=== Begin Enclosure ===

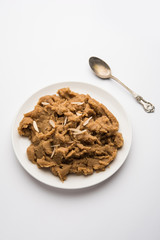 Wheat flour Halwa or Shira or porridge /  Atte ka Halva, Popular healthy dessert or breakfast menu from India. served in a bowl or plate. selective focus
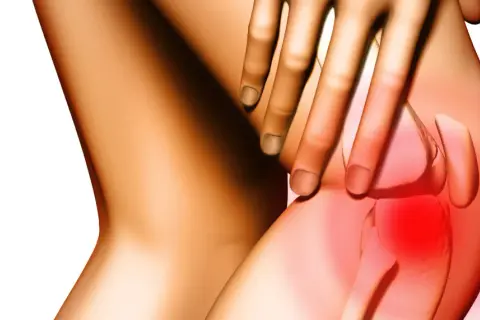 Dłoń uciska bolące kolano, gdzie widoczny jest nadziąślak. Czerwony obszar wskazuje na stan zapalny.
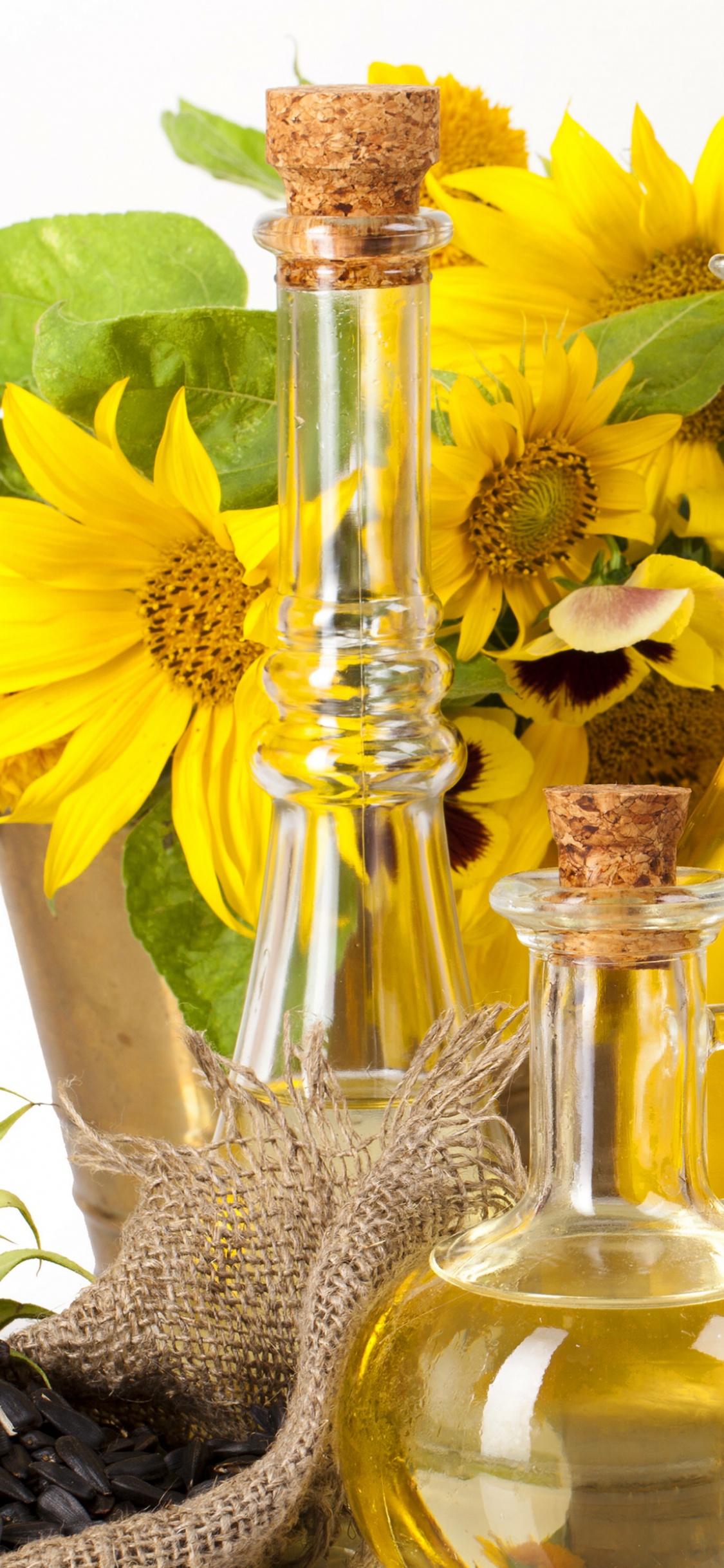 Обои подсолнечное масло, масло виноградной косточки, подсолнечник, кунжутное масло, семя подсолнечника в разрешении 1125x2436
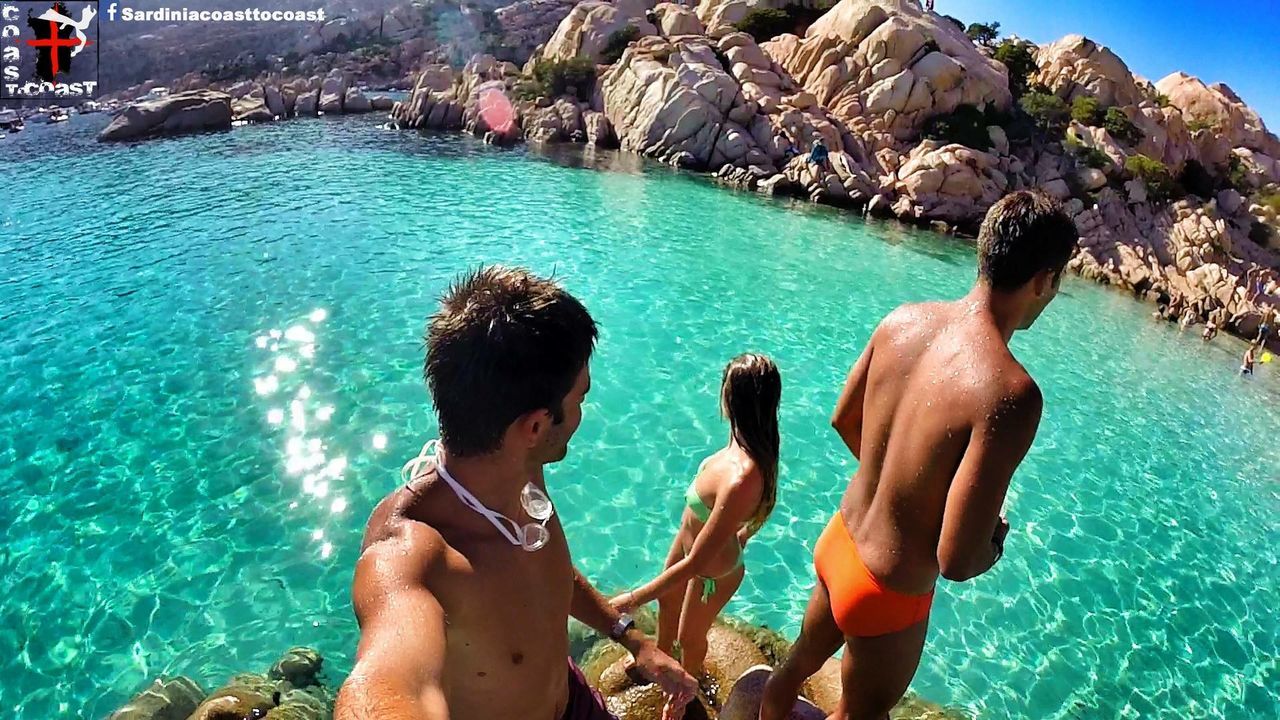 water, sea, leisure activity, lifestyles, blue, togetherness, vacations, men, person, bonding, summer, rock - object, enjoyment, weekend activities, sunlight, nature, shirtless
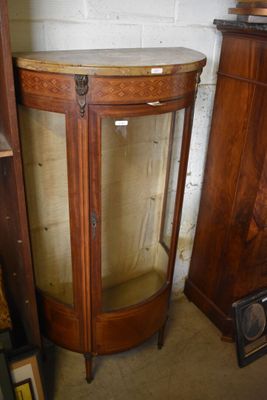 a corner cabinet with a marble top and a glass door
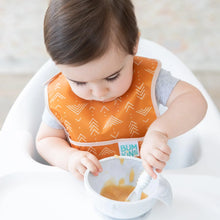 Load image into Gallery viewer, A toddler in a high chair eats from a gray bowl with a spoon while wearing an orange Bumkins Starter Bib 2 Pack: Sunshine and Grounded.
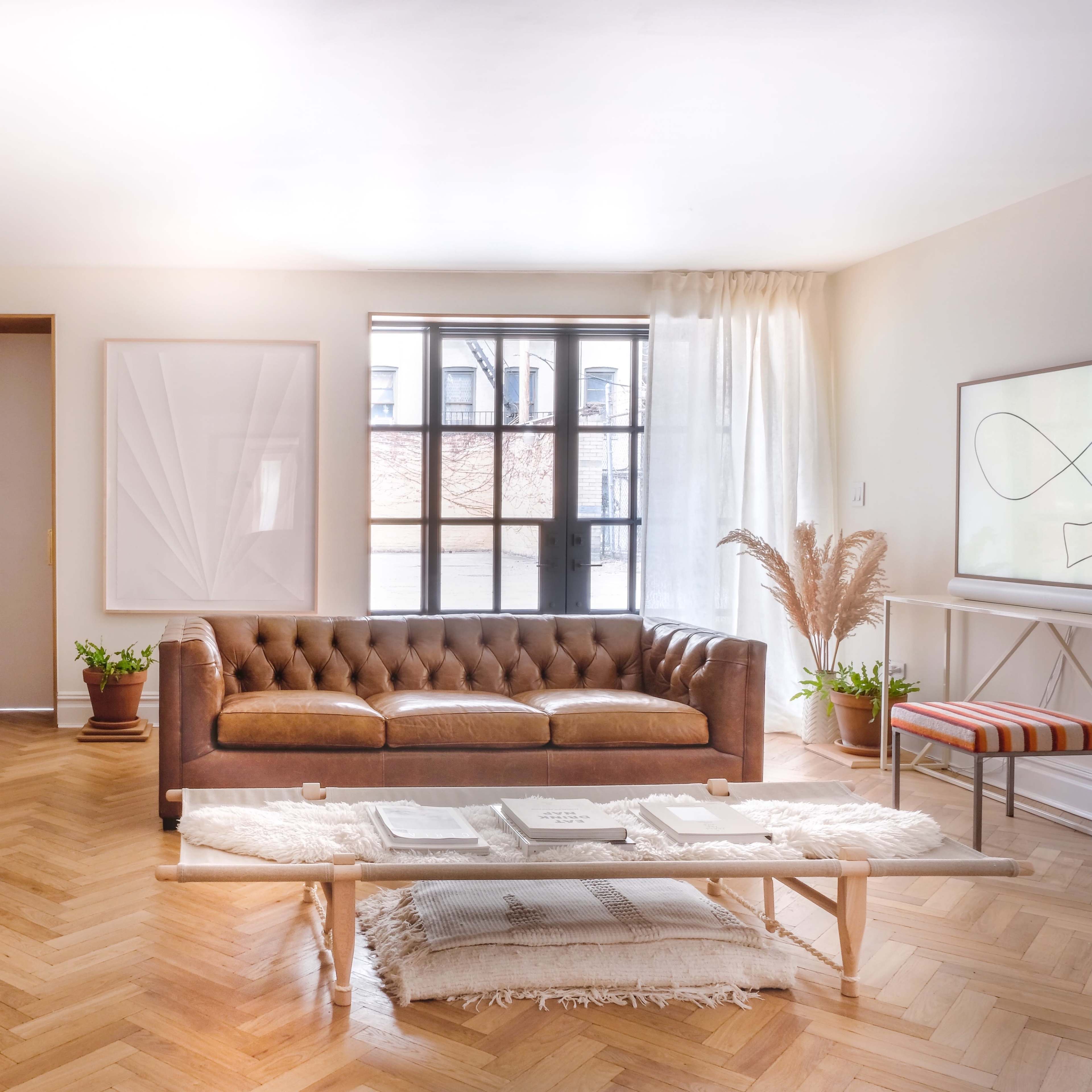 A modern living room features a brown leather tufted sofa, a wooden coffee table with decorative items, and a large window allowing natural light to fill the space.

=== End Enclosure ===

Look through the material above. Transcribe exactly the lines between the ones with "Dłoń uciska bolące" and "Обои подсолнечное масло, масло", inclusive, and keep pictures out.

 Dłoń uciska bolące kolano, gdzie widoczny jest nadziąślak. Czerwony obszar wskazuje na stan zapalny.
 Обои подсолнечное масло, масло виноградной косточки, подсолнечник, кунжутное масло, семя подсолнечника в разрешении 1125x2436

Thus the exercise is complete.